*** Block opens ***

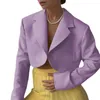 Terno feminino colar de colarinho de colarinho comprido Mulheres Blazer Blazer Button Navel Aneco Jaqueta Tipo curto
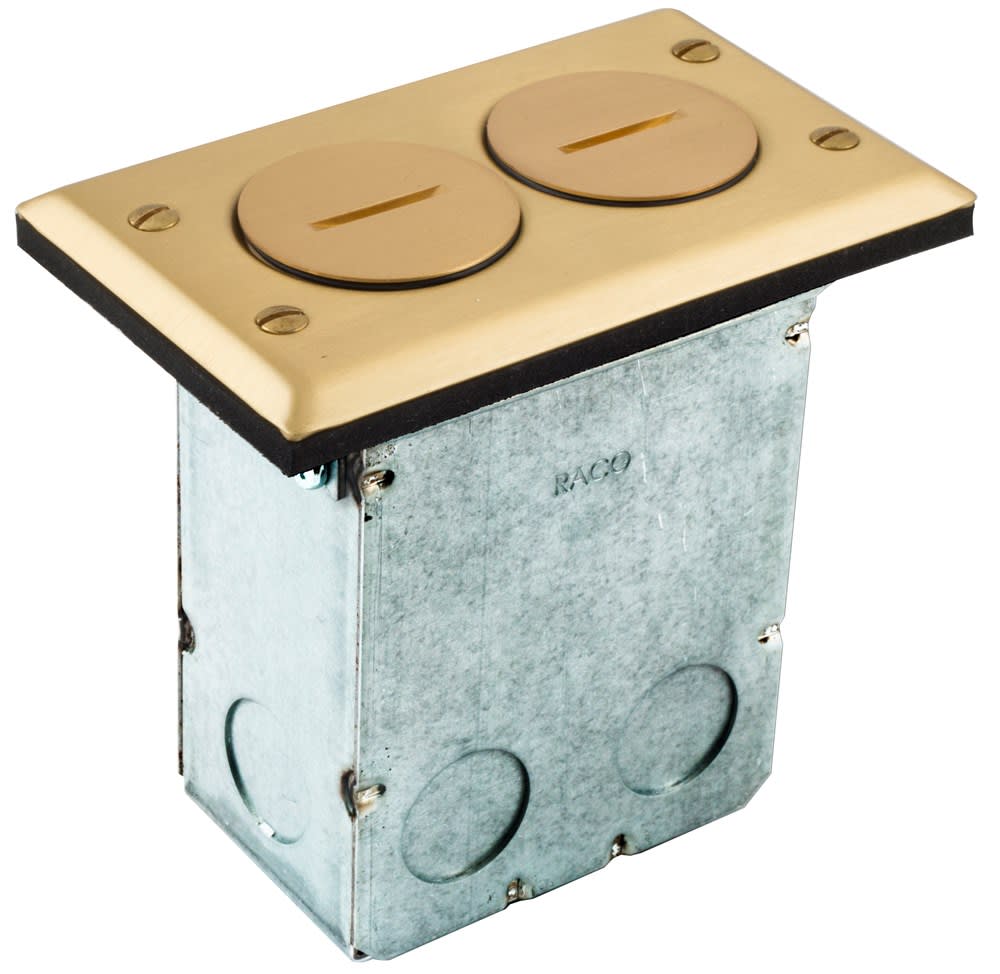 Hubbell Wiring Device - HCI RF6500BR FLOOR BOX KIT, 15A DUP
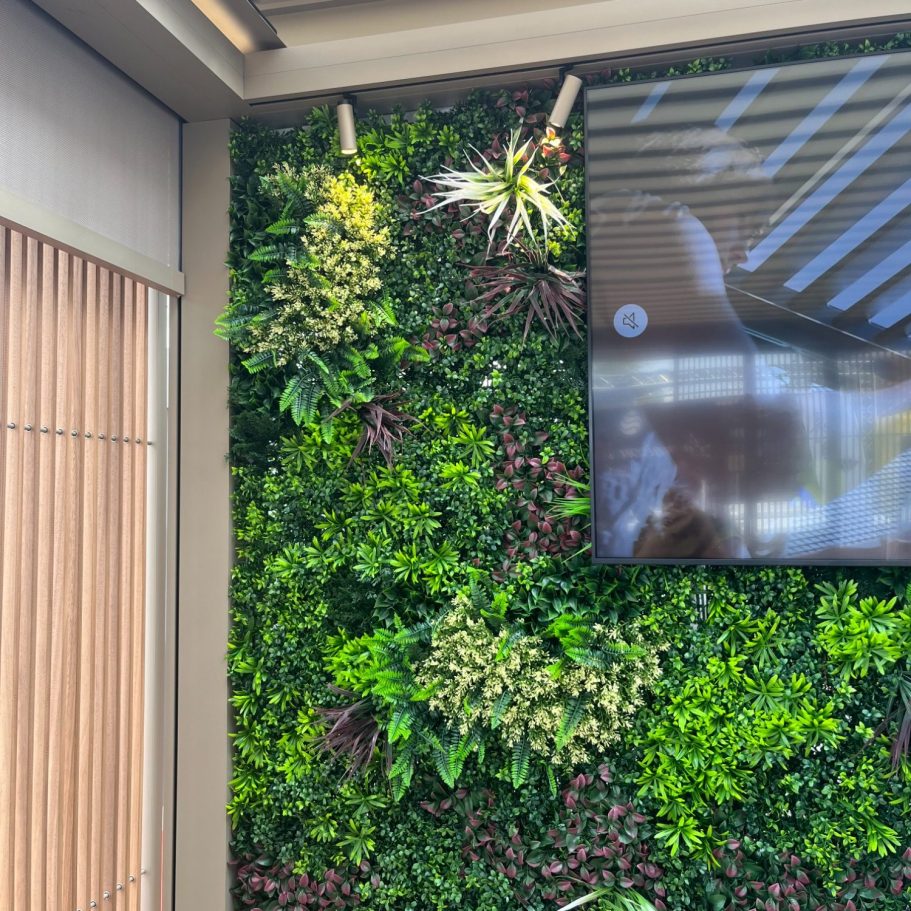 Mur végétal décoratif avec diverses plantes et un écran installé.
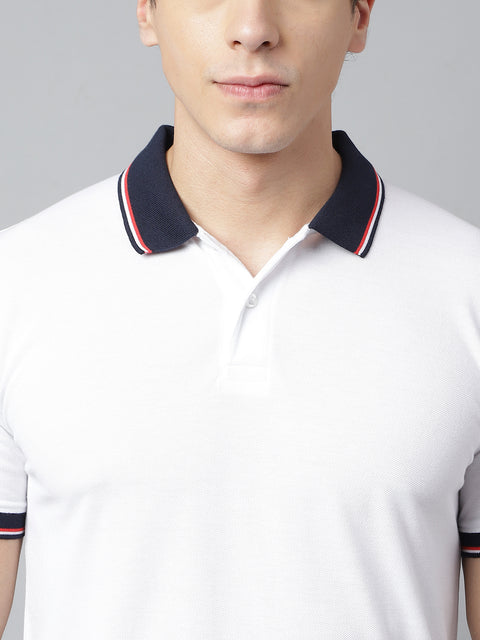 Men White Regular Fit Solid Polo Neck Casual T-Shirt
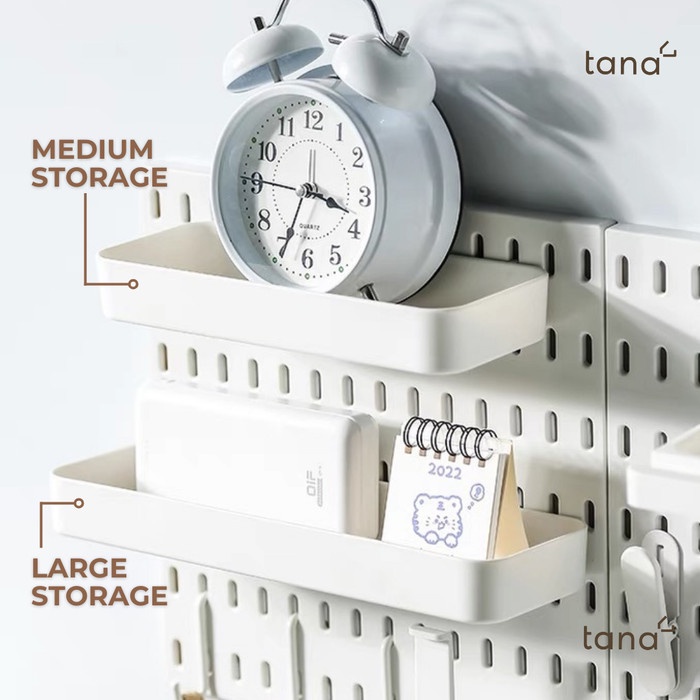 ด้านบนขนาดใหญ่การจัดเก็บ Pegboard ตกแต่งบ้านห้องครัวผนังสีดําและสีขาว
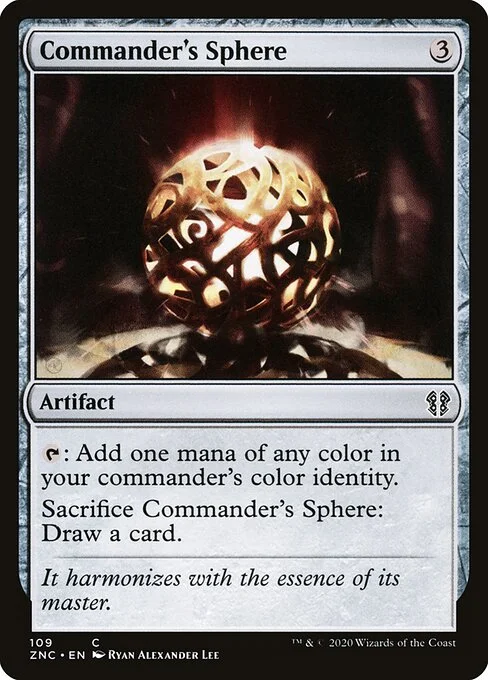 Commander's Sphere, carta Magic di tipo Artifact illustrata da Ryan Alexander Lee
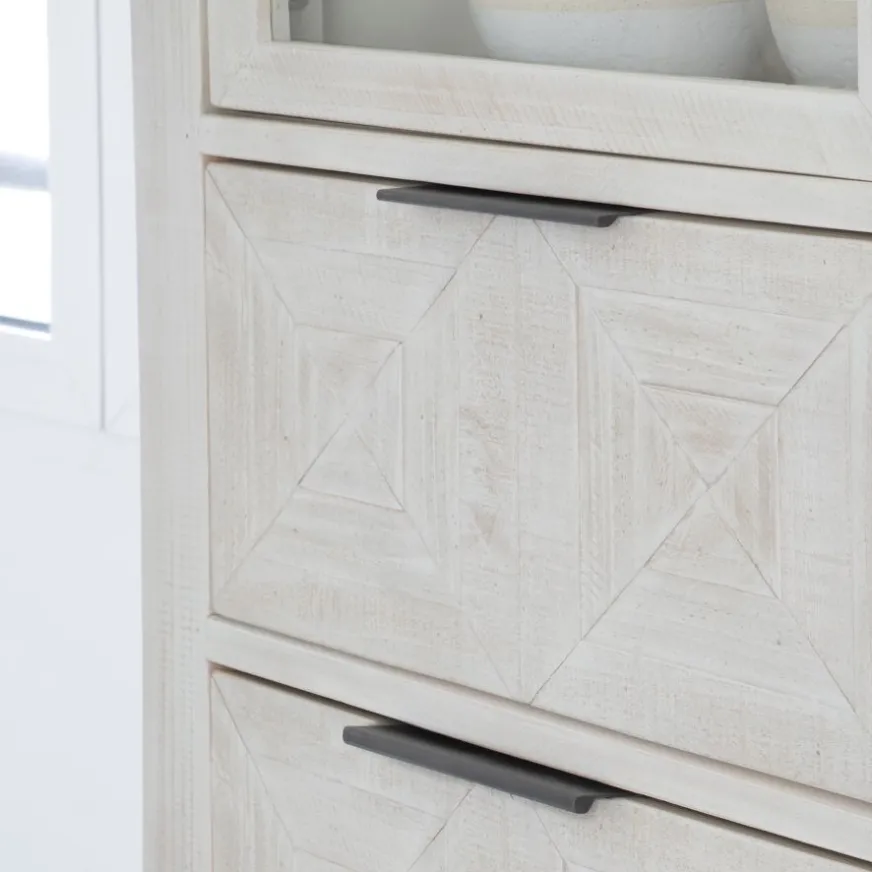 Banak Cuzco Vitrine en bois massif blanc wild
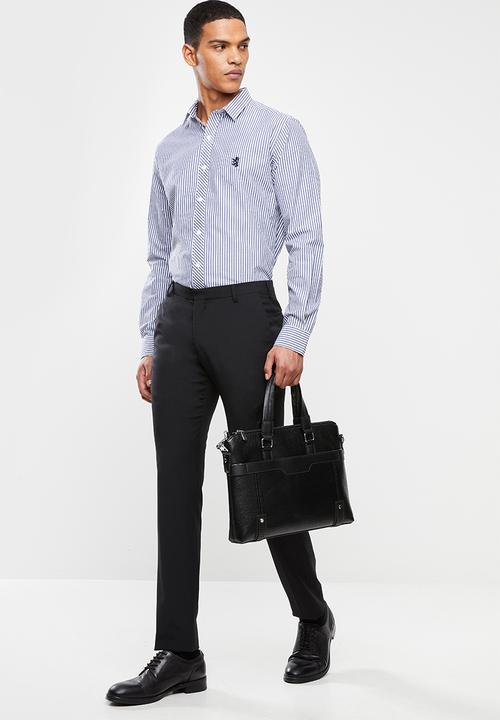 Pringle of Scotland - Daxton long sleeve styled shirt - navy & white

*** Block closes ***

**THE TASK**
Copy each entry exactly, with no pictures.

**RESPONSE TO THIS TASK**
 Terno feminino colar de colarinho de colarinho comprido Mulheres Blazer Blazer Button Navel Aneco Jaqueta Tipo curto
 Hubbell Wiring Device - HCI RF6500BR FLOOR BOX KIT, 15A DUP
 Mur végétal décoratif avec diverses plantes et un écran installé.
 Men White Regular Fit Solid Polo Neck Casual T-Shirt
 ด้านบนขนาดใหญ่การจัดเก็บ Pegboard ตกแต่งบ้านห้องครัวผนังสีดําและสีขาว
 Commander's Sphere, carta Magic di tipo Artifact illustrata da Ryan Alexander Lee
 Banak Cuzco Vitrine en bois massif blanc wild
 Pringle of Scotland - Daxton long sleeve styled shirt - navy & white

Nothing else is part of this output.